EU、40年までに温室ガス90%削減を勧告 農業分野は後退

[ストラスブール(フランス) 6日 ロイター] - 欧州連合(EU)欧州委員会は6日、2040年までに域内の温室効果ガスの純排出量を1990年比で90%削減するよう勧告した。6月の欧州議会議員選挙を控え、気候変動問題に対するEUの政治的意欲を試す野心的な内容となった。

全体目標はEUの公式な気候科学アドバイザーが推奨する範囲内に収まった。一方でEU執行部は、EUの脱炭素化の規制に不満を持つ農家が数週間にわたって抗議活動を繰り広げたことなどを受け、農業分野の勧告の一部を後退させた。

ロイターが確認した従来のEUの目標草案では、農業分野で二酸化炭素(CO2)以外の排出量を2040年までに15年比で30%削減する必要があるとしていた。しかし、最終的な勧告ではその記述が削除された。

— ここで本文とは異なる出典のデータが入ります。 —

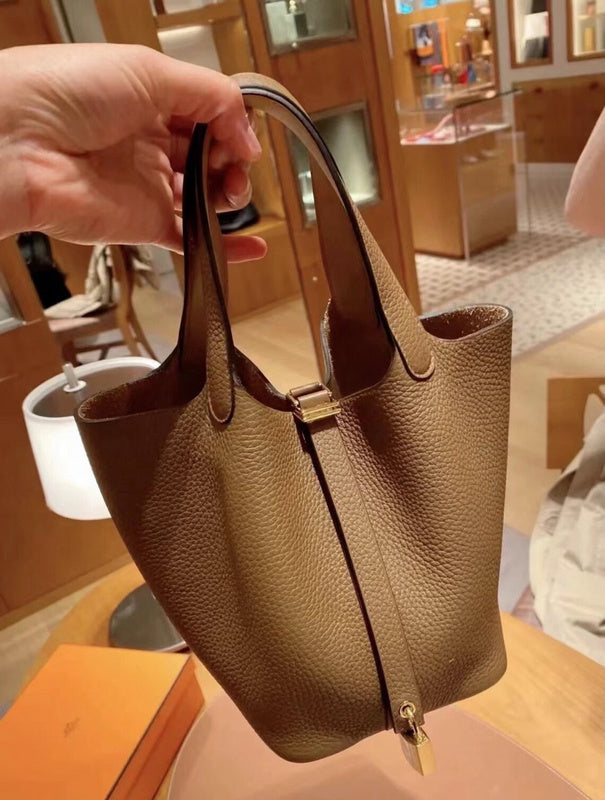 Streamlined handbag styled for everyday wear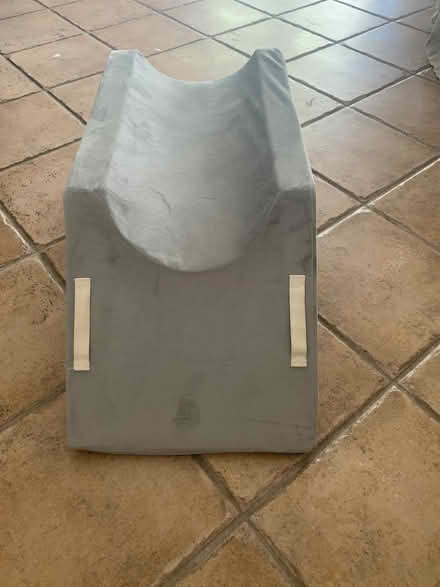 Photo of free elevation pillow for knee/foot (Glendale) #1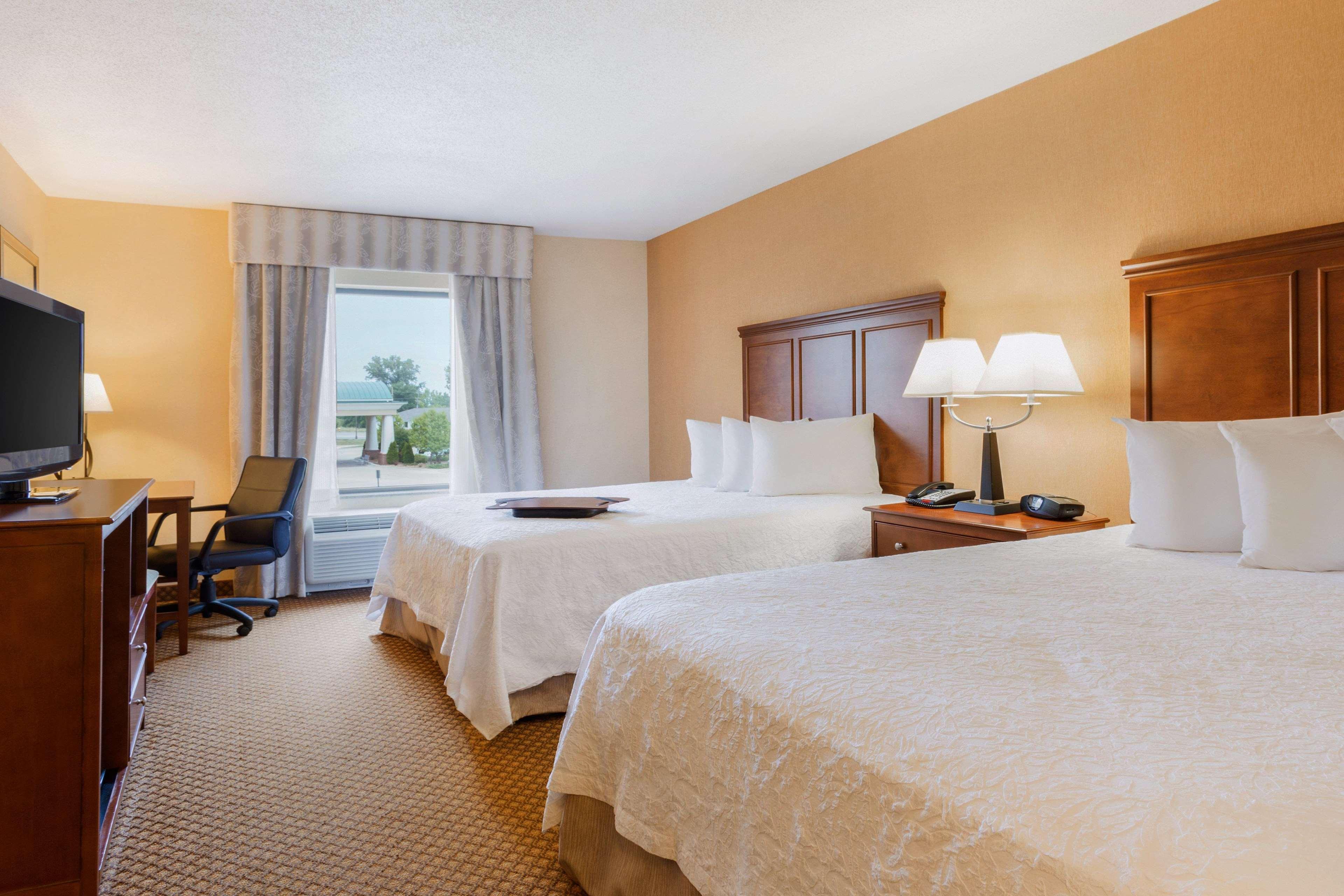 Hampton Inn & Suites Detroit/Chesterfield Exterior photo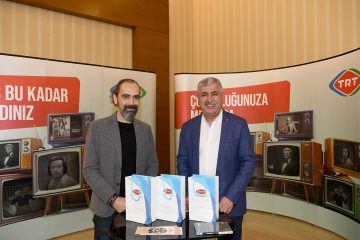 TRT Arşiv Standını Ziyaret Eden Başkan Polat: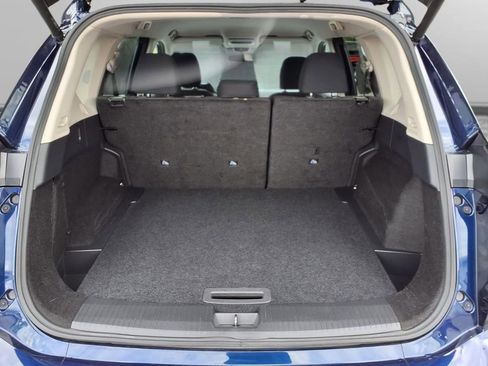Used 2025 Nissan Rogue SV AWD/4WD image 26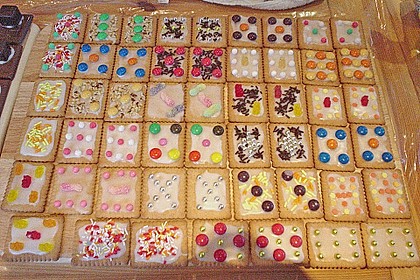 Hexenhaus aus Butterkeksen 85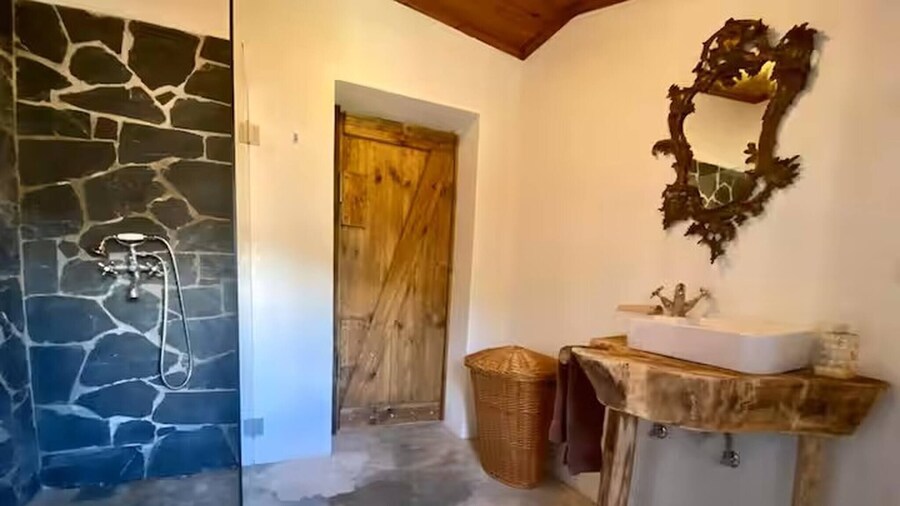 Tranquil 3-bedroom House Retreat Near River Beach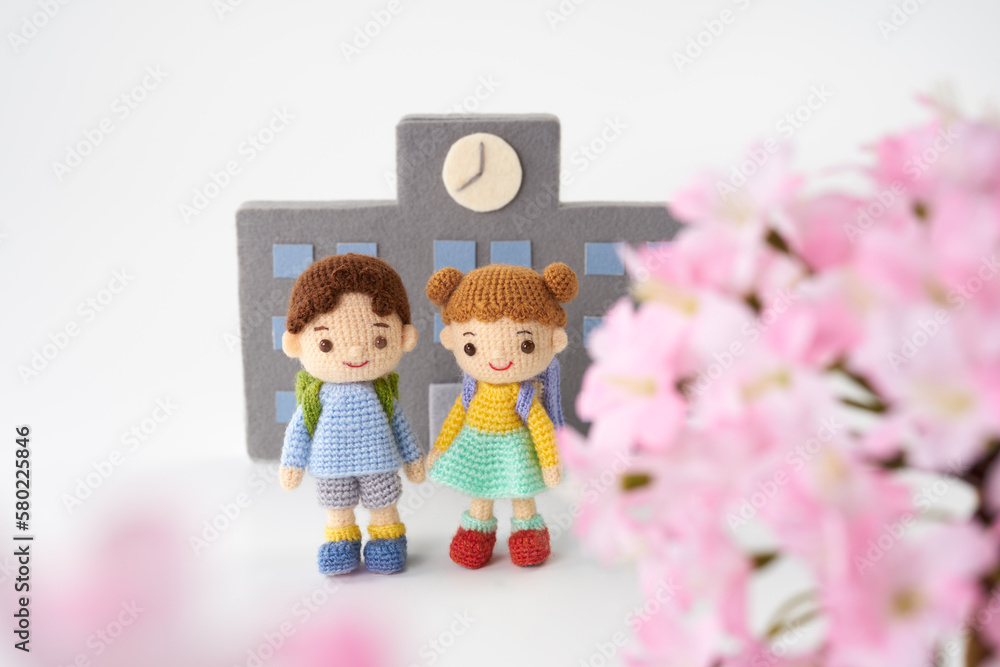 あみぐるみ人形　小学校入学式イメージ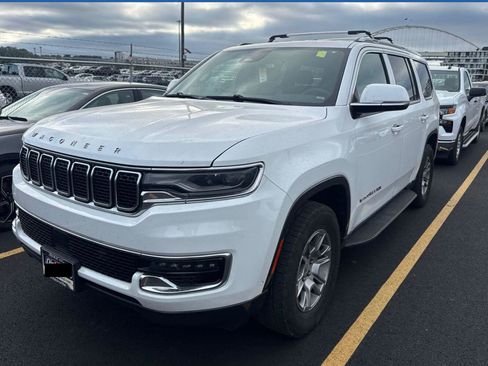 Used 2022 Jeep Wagoneer Series I AWD/4WD image 12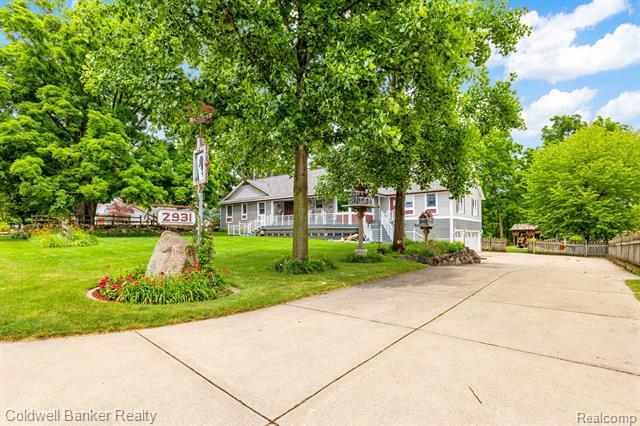 Property Photo:  2931 Churchill Road  MI 48326 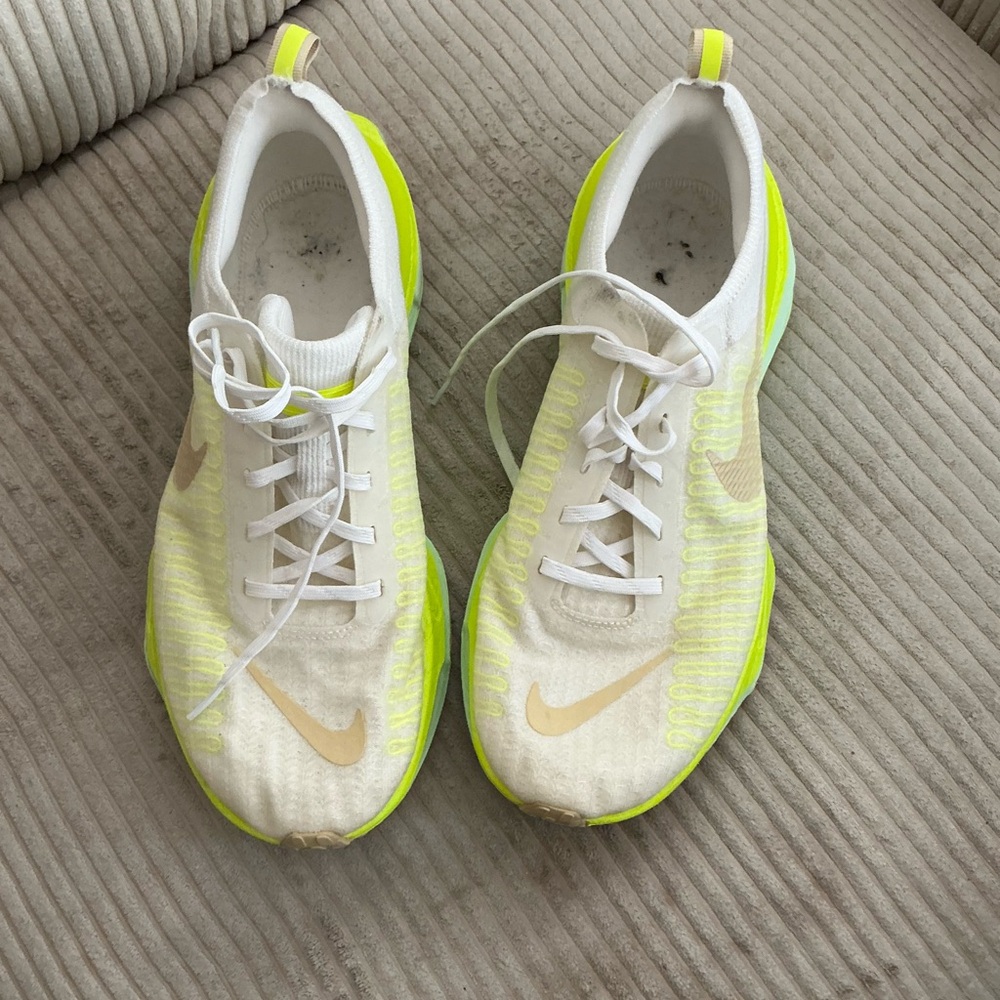 Nike White and Lime Green Running Shoes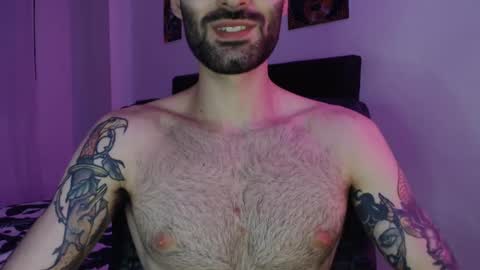 Taylor online show from 03-02-25, 01:04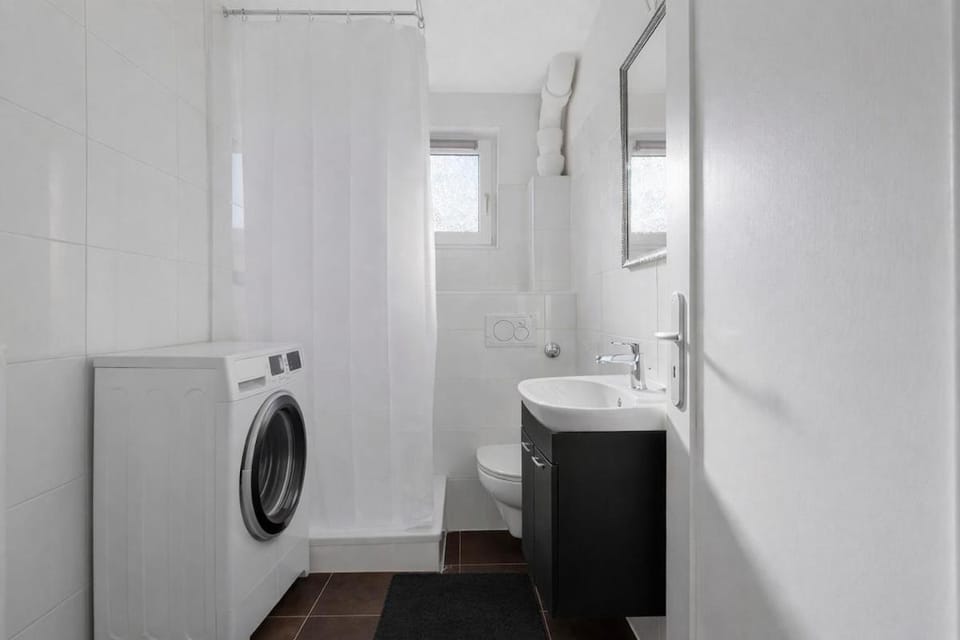Augsburg modern WiFi 4 Person Apartment in Augsburg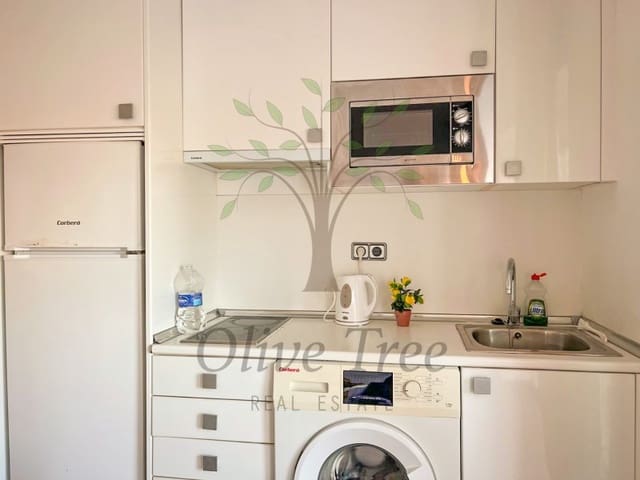 Studio for rent in Cala Tarida, San Jose / Sant Josep de Sa Talaia - € 850 (Ref: 9403717)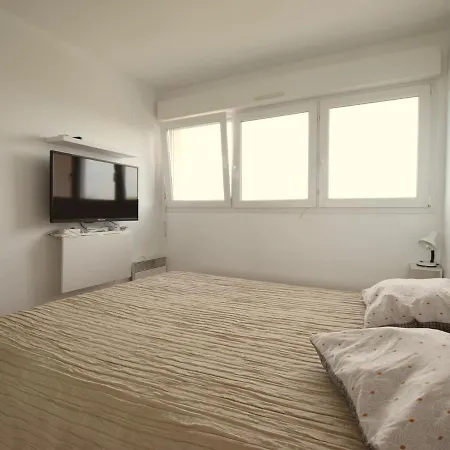 Avec Piscine Et Parking A - Fr-1-498-85 Apartment *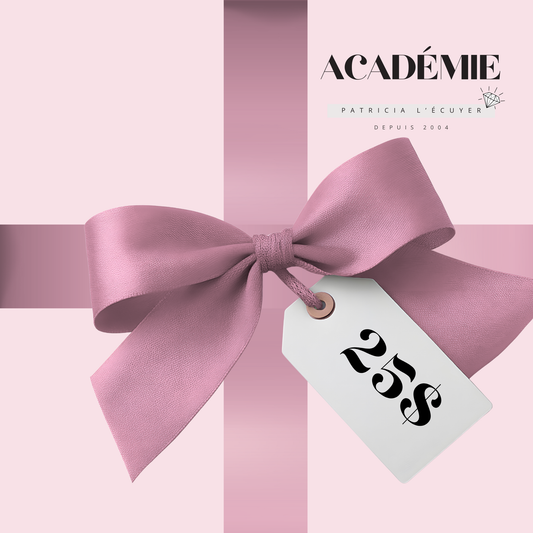 Carte-cadeau de l’Académie Patricia L’Écuyer d’une valeur de 25 $. Ruban rose en forme de boucle sur fond rose pâle, avec une étiquette blanche indiquant « 25 $ ». Logo de l’Académie Patricia L’Écuyer en haut à droite.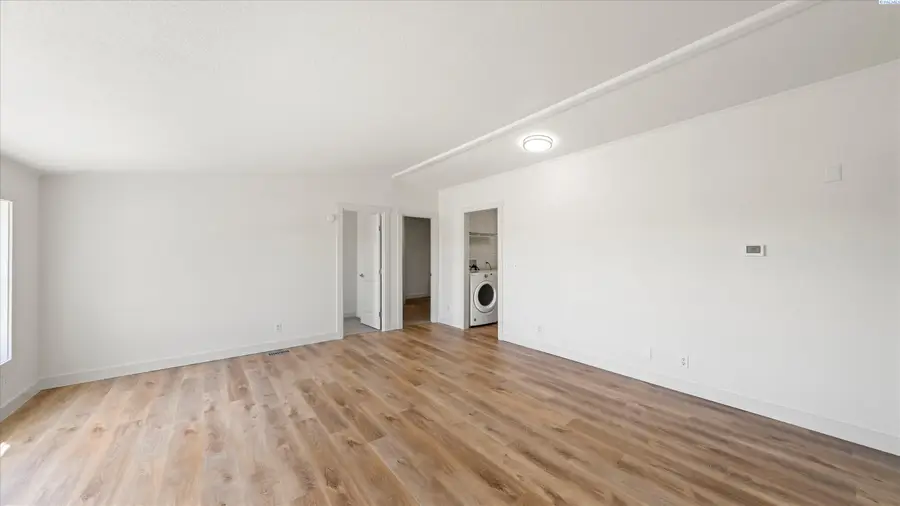 910 S 4th Ave, Pasco, WA 99301 - #2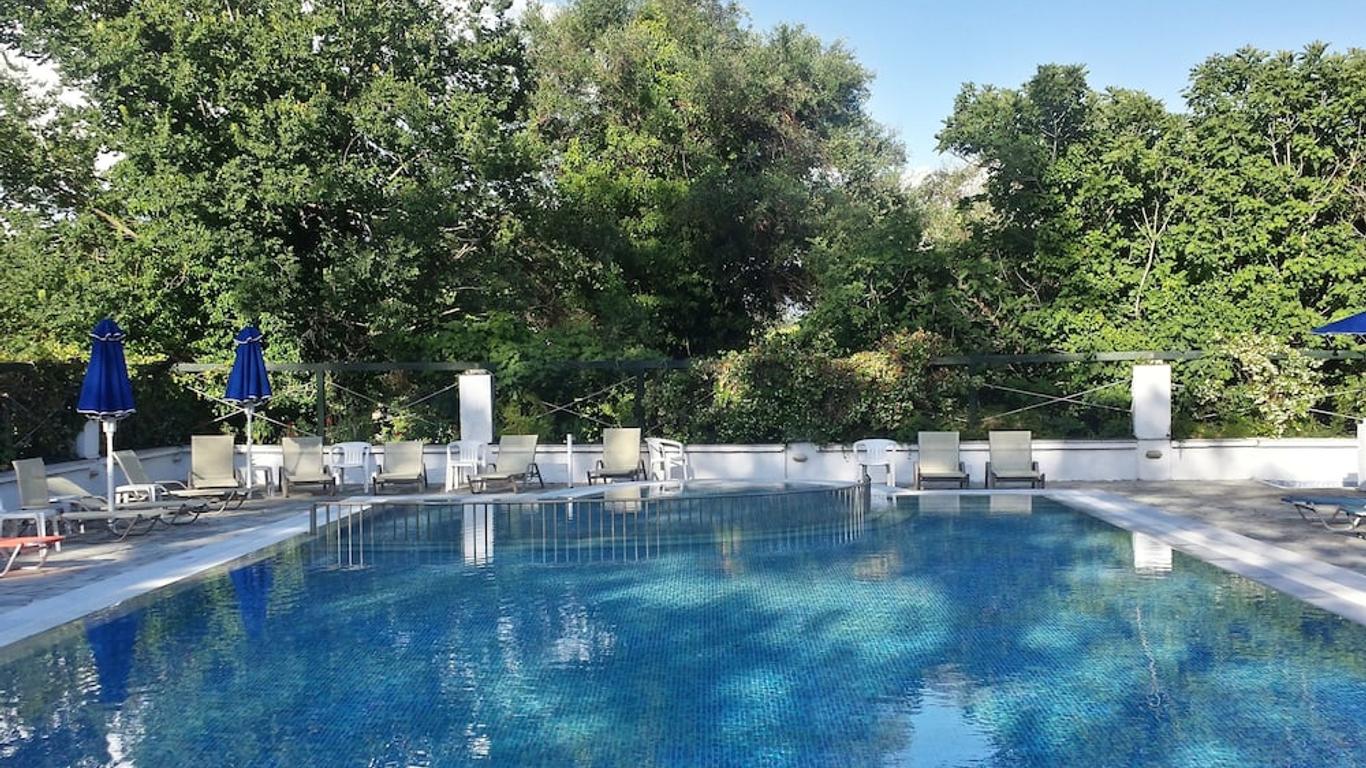 Ipsos Beach Hotel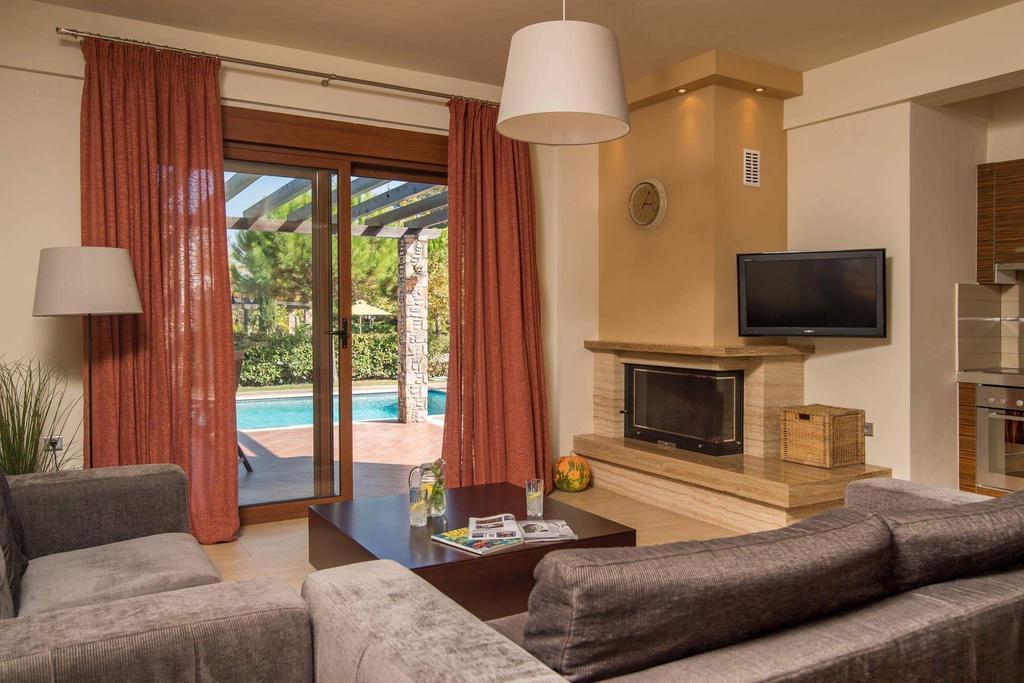 Olympus Villas Paralia Skotinis Exterior photo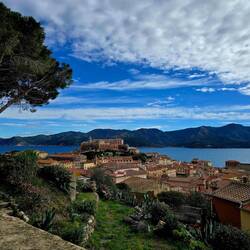 Forte Stella slikano iz Forte Falcone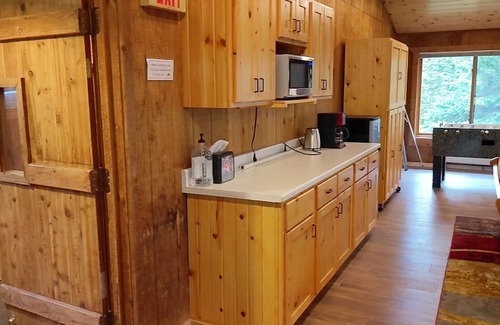 South Range House | Rustic Lodge near Lake Superior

欧州委員会のホークストラ委員は欧州議会で勧告を発表し、「バランスが取れたアプローチにする必要がある」と言及。「大多数の域内住民は気候変動の影響を認識しており、(環境)保護を望んでいるが、同時にそれが自分たちの生活にどのような影響を及ぼすのかを心配している」と指摘した。

勧告を最終的な目標として可決するかどうかは、欧州議会選後に発足する新たな議会と欧州委にかかっている。

世論調査によると、選挙でEU議会が右派に大きく議席を伸ばす可能性があり、野心的な気候変動対策の成立が難しくなる可能性がある。